__To do__: An exact copy is the goal: every line from the one containing "Enlarge photo 49" to the end of the material below, pictures excluded.

⟨

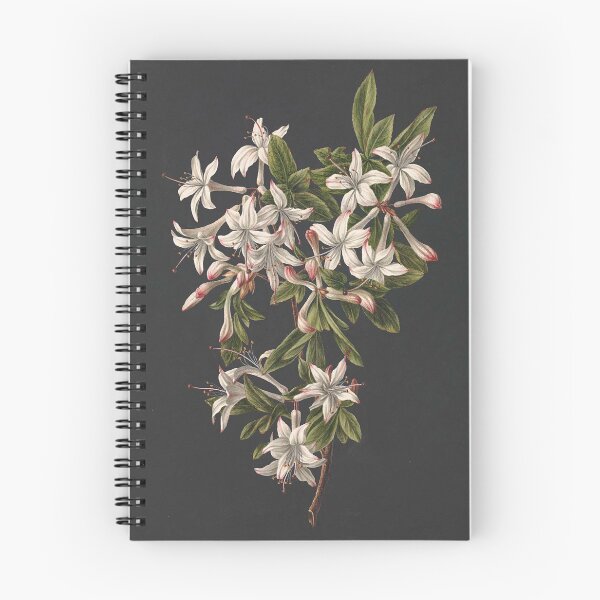 Item preview, 'Branch of Azaleas in bloom' by M. de Gijselaar designed and sold by MuseumPrint.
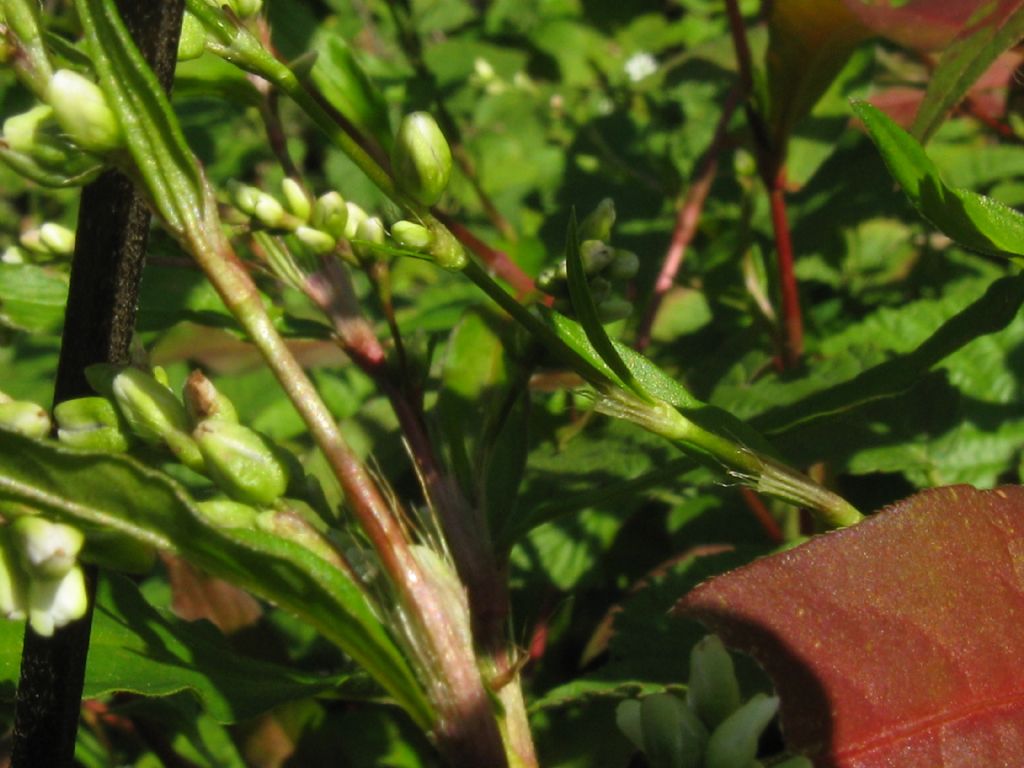 Persicaria mitis (= P. dubia) / Poligono mite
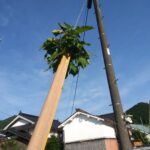 第１８８回投稿写真展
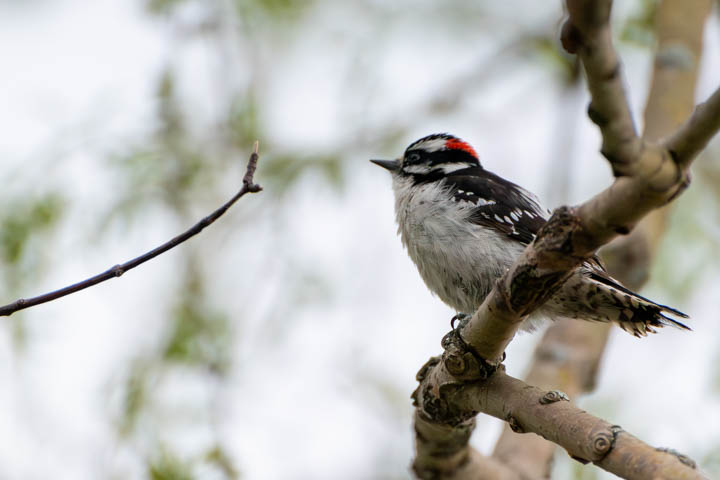 a downy woodpecker standing on the tree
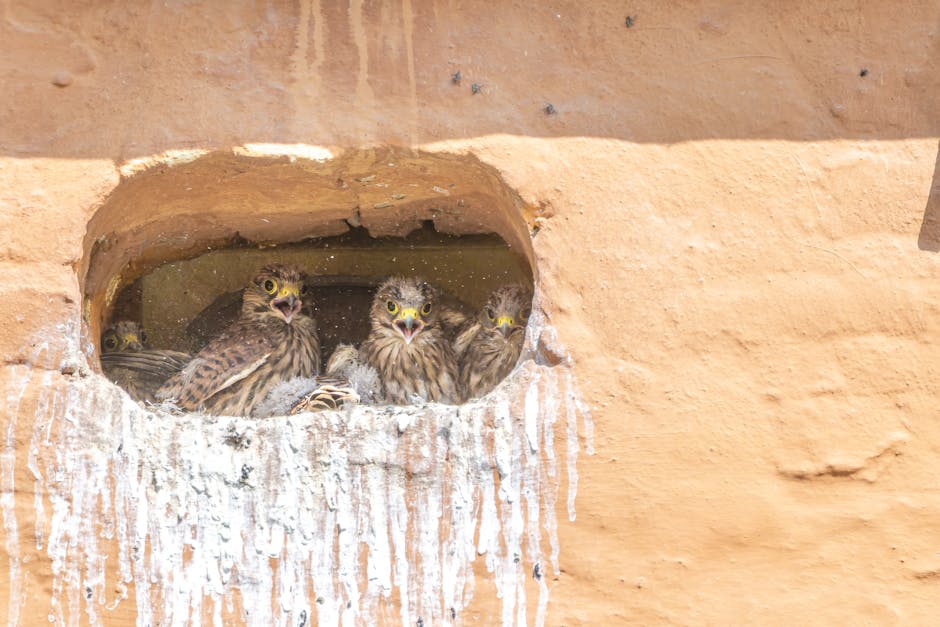 Four young birds are perched inside a hole in a tan, textured wall, with streaks of white bird droppings below the opening.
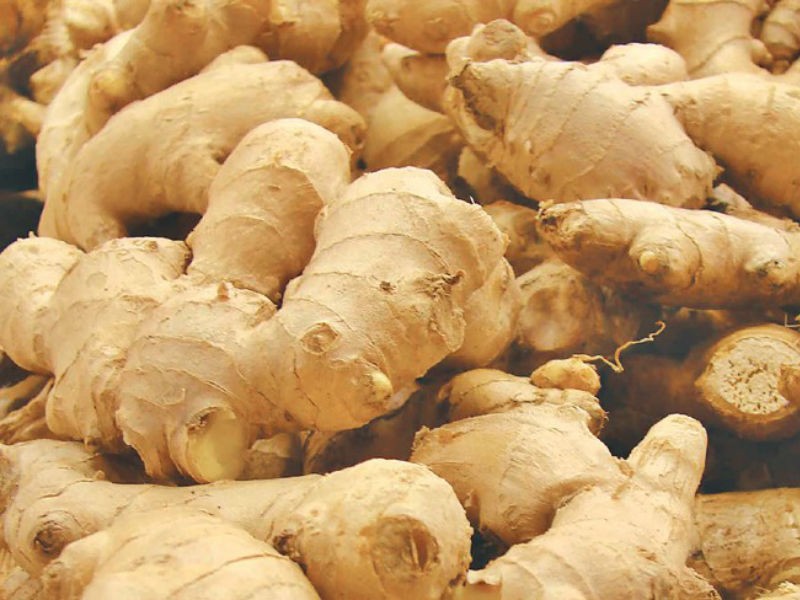 अदुवाको मूल्य अहिलेसम्मकै उच्च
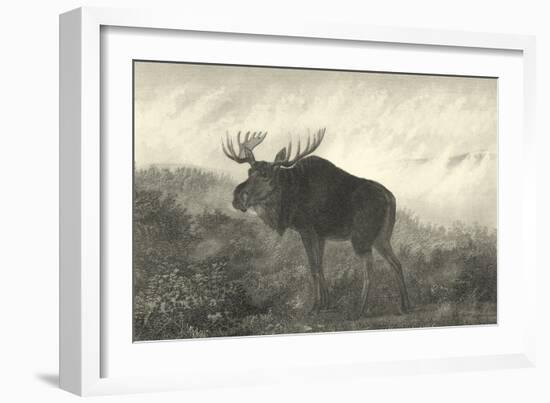 American Moose-R. Hinshelwood-Framed Art Print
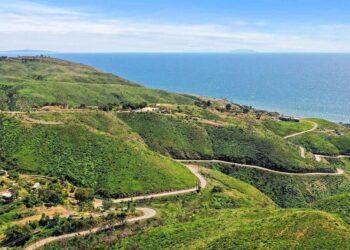 Discover the Beauty of Latigo Canyon Road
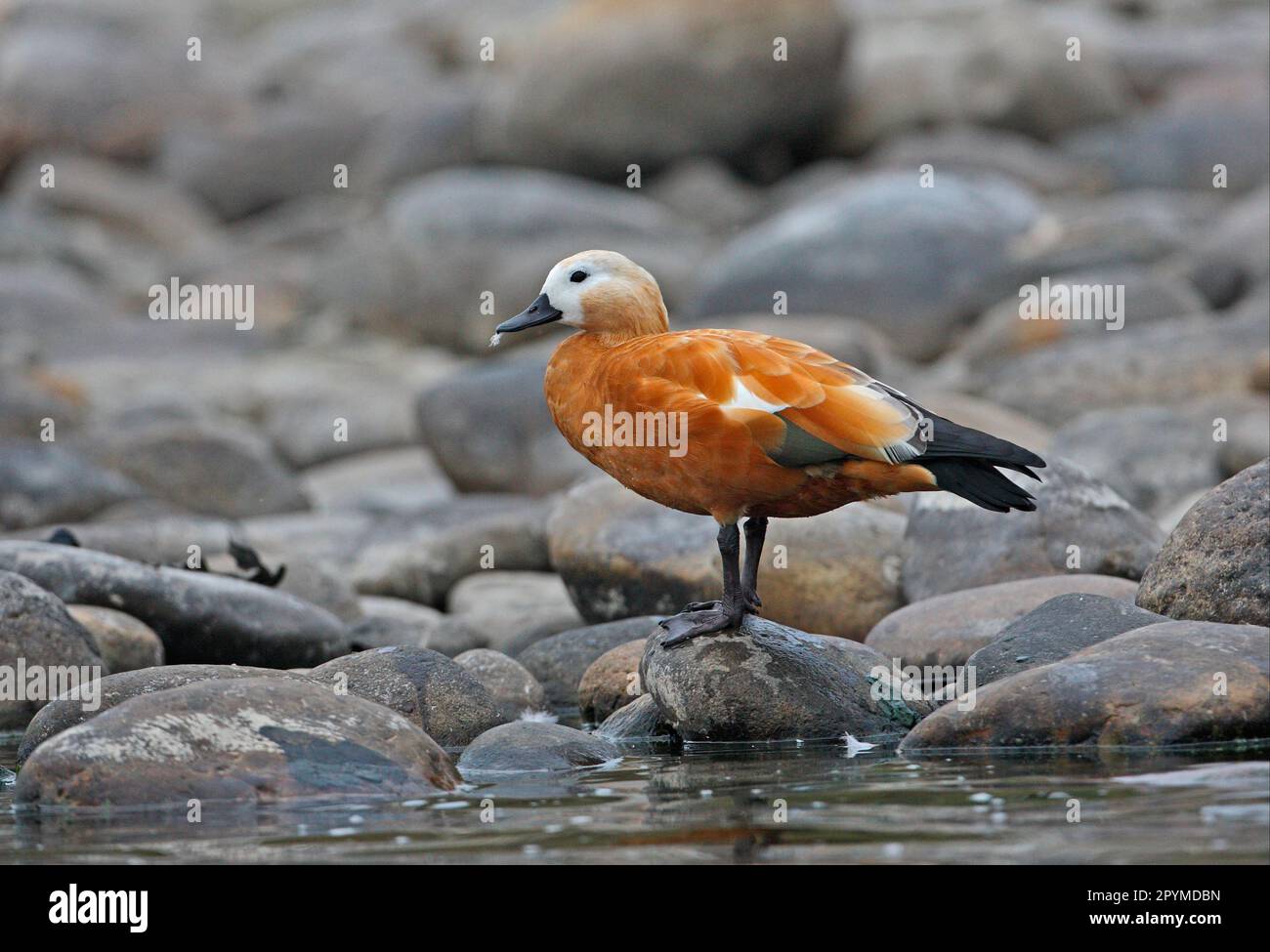 Ruddy Shelduck (Tadorna ferruginea) adult female, with feather in beak, standing on boulder at edge of river, Nameri, Assam, India Stock Photo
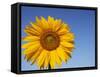 Sunflower, Helianthus Spec. Bielefeld, NRW, Germany-Thorsten Milse-Framed Stretched Canvas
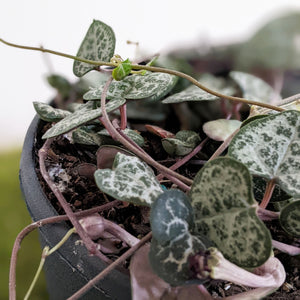Ceropegia Woodii Chain of Hearts - 120mm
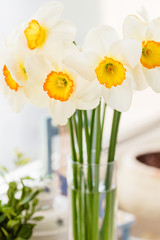 Bouquet of white daffodils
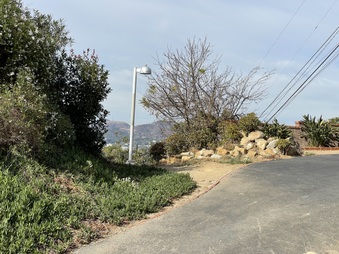Enlarge photo 49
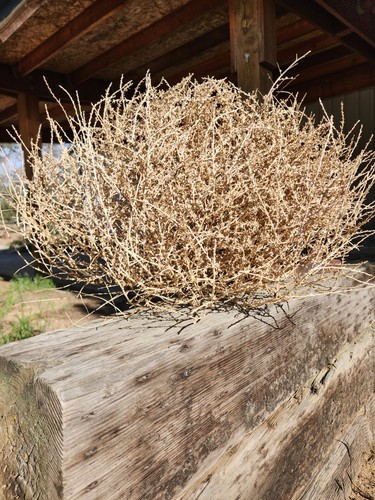 Real oregon tumbleweeds - tumbleweeds, |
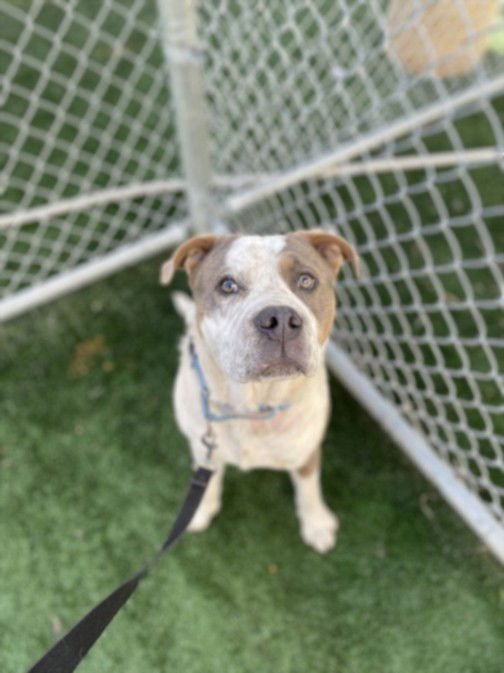 MEEKO - Pit Bull Terrier available for adoption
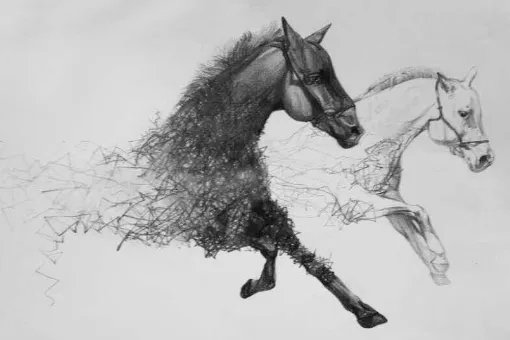 白驹过隙是什么意思??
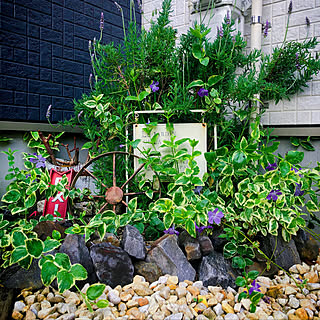 ラベンダー ロックガーデンのインテリア実例 Roomclip ルームクリップ ラベンダー ロックガーデンのインテリア実例 Roomclip ルームクリップ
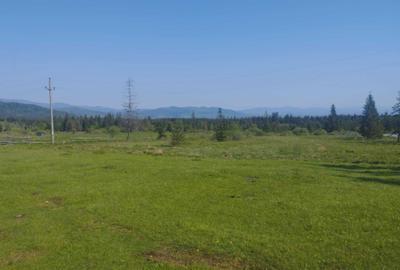 Teren de 1000 mp, în Beliș - 1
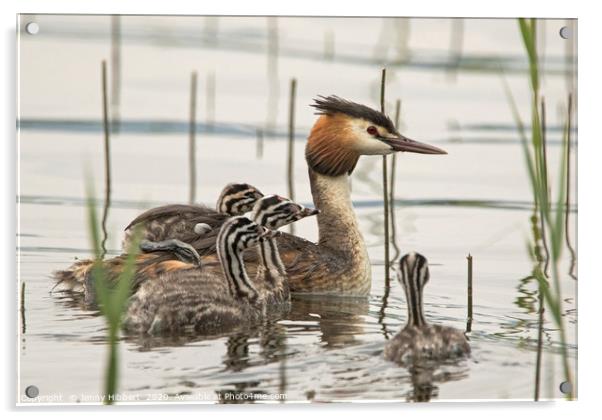 Family of Great Crested Grebe Acrylic by Jenny Hibbert
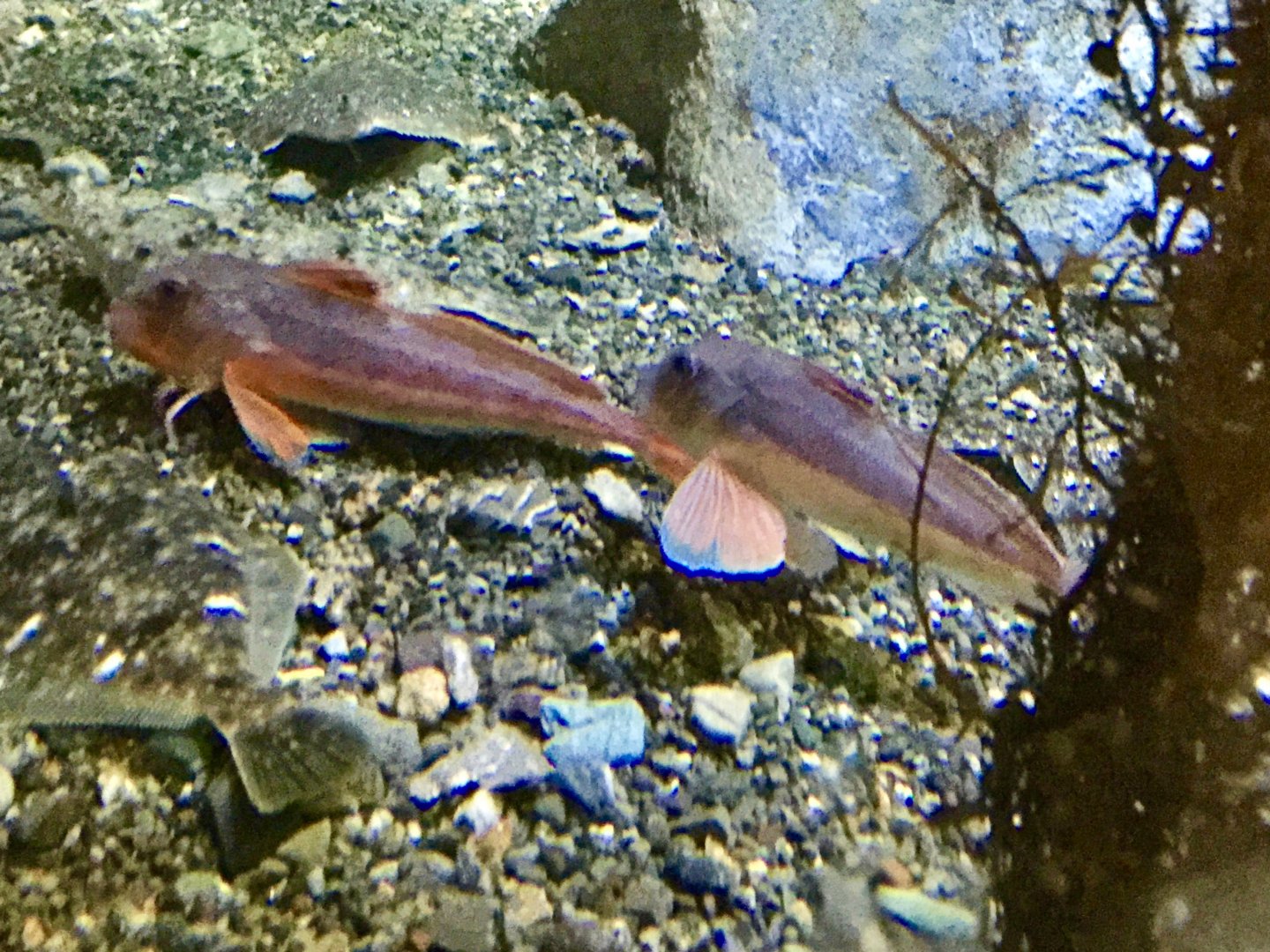 Sea Robin (Lepidotrigla microptera) - Otaru Aquarium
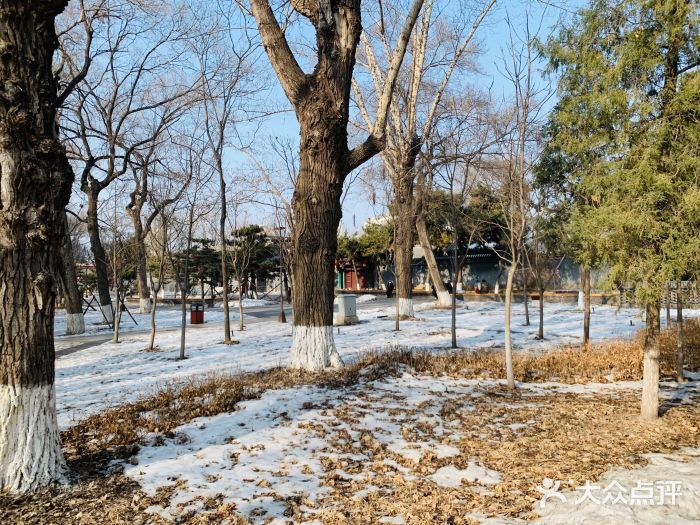 万泉公园图片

⟩

__Result of this task__:
Enlarge photo 49
 Real oregon tumbleweeds - tumbleweeds, |
 MEEKO - Pit Bull Terrier available for adoption
 白驹过隙是什么意思??
 ラベンダー ロックガーデンのインテリア実例 Roomclip ルームクリップ ラベンダー ロックガーデンのインテリア実例 Roomclip ルームクリップ
 Teren de 1000 mp, în Beliș - 1
 Family of Great Crested Grebe Acrylic by Jenny Hibbert
 Sea Robin (Lepidotrigla microptera) - Otaru Aquarium
 万泉公园图片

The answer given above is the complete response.